Streaming Summer School Report

(Ed: This post is by Piotr Indyk, who is always willing to be your near neighbor)

Greetings from the Kingdom of Denmark! The country of Vikings, meatballs, and football teams that just refuse to win, has hosted the Summer School on Data Stream Algorithms last week (August 20-23). The school was organized under the banner of MADALGO, a new research center dedicated to MAssive DAta ALGOrithms, set up in Aarhus University. The inauguration ceremony for the center took place on August 24, with several people giving invited lectures.

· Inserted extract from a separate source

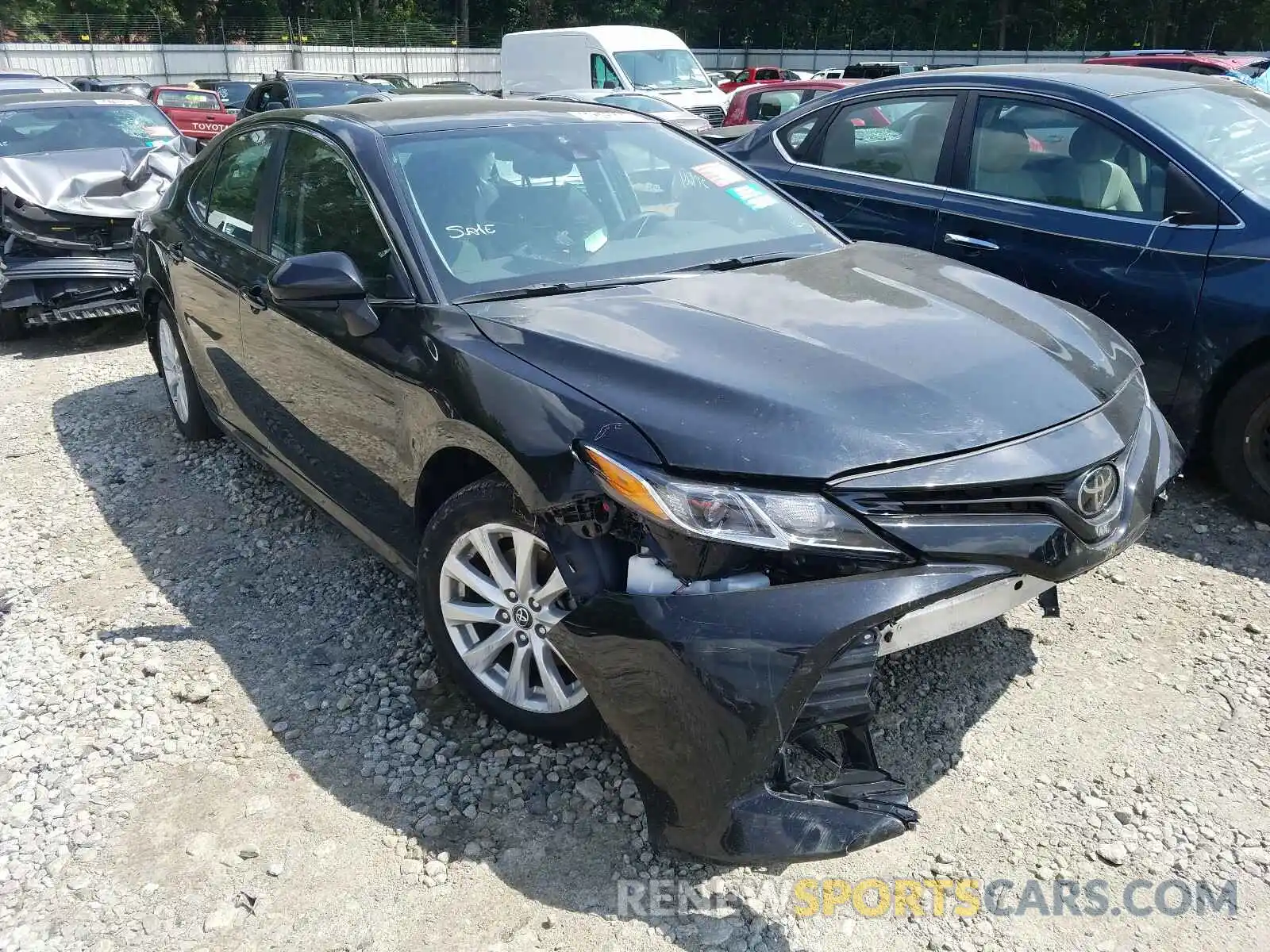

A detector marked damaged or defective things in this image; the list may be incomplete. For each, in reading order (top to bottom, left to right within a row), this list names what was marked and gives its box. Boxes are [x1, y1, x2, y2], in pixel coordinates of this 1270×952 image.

Muthu (one of the invited lecturers) has covered the inauguration ceremony, so I will skip the detailed description. Suffices to say, it was a pleasure to see that the Danish Research Foundation (or as the locals like to say, Grundforskningsfond) is eager to support an algorithmic research center with a budget of roughly $10M over 5 years, while its US counterpart spends about $7M per year for the entire Theory of Computing program. Did I mention that the population of Denmark is roughly 2% of that of US ?

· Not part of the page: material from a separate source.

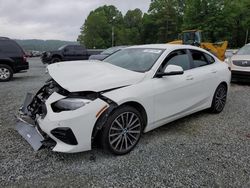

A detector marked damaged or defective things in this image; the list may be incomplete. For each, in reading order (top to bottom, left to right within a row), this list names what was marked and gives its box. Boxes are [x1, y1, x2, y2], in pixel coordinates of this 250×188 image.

front bumper damage [15, 79, 116, 153]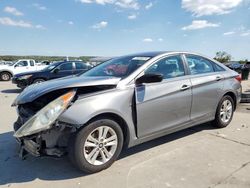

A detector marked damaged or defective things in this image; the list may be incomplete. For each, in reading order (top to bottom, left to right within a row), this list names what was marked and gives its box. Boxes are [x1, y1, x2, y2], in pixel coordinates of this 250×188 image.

broken headlight [13, 90, 75, 137]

Anyway, back to the summer school. We had 70+ participants altogether, including 5 lecturers. The school covered the following topics:

  • The dynamic Sudipto Guha gave two lectures. The first lecture was on algorithms for clustering. Massive amounts of data were clustered, including metric data, graph data, and a few careless participants sitting in the first row. In the second lecture, Sudipto covered the “random stream model”, where the elements are assumed to be arriving in a random order, which circumvents the usual worst-case paranoia.
  • The twin duo of T.S. Jayram and Ravi Kumar covered lower bounds: communication complexity, information complexity, and generally “everything you wanted to know but were afraid to ask”. It was the first time I have seen the details of the linear-space lower bound for estimating the L_infty distance, and I am happy to report that I understood everything, or at least that is what I thought at the time. Jayram and Ravi have also occasionally ventured into the land of upper bounds, covering algorithms for the longest increasing sequences and probabilistic data streams.
  • The scholarly Martin Strauss gave an overview of the algorithms for finding frequent elements, heavy hitters (sometimes on steroids) and their more recent versions used in compressed sensing.
  • I have covered the basic upper bounds for the L_p norm/frequency moments estimation, as well as the algorithms for geometric data (clustering, MST, matching), notably those based on core-sets. The latter topic was originally supposed to be covered by Sariel Har-Peled; however, the dark forces highly enlighted and insightful geniuses of the INS [Sariel's corrections] have jeopardized his plans. I guess the force was not strong enough with this one…

We also had an open problem session. Some of the problems were copy-pasted from the “Kanpur list”, but a few new problems were posed as well. The list will be available shortly on the school website, so sharpen your pencils, prepare your napkins, pour some coffee, and … give all of this to your students!

The lecture slides are also available on-line. If you spot any typos, let the lecturers know.

Overall, I think the school has been a success, perhaps with the notable exception of the weather: it started to rain promptly after the school has began, and it stopped when the school has ended. One has to admire the timing though.

SOCG 2009 will be held in Aarhus. See you then!

(Ed: But what about the beer report ?)

Published in: on August 28, 2007 at 8:08 pm Comments (1)

STOC/FOCS/SODA: The Cage Match (with data!)

(Ed: This post, and the attendant web page and data, was initiated as a joint effort of Piotr Indyk and myself. Many others have helped improve the data, presentation and conclusions.)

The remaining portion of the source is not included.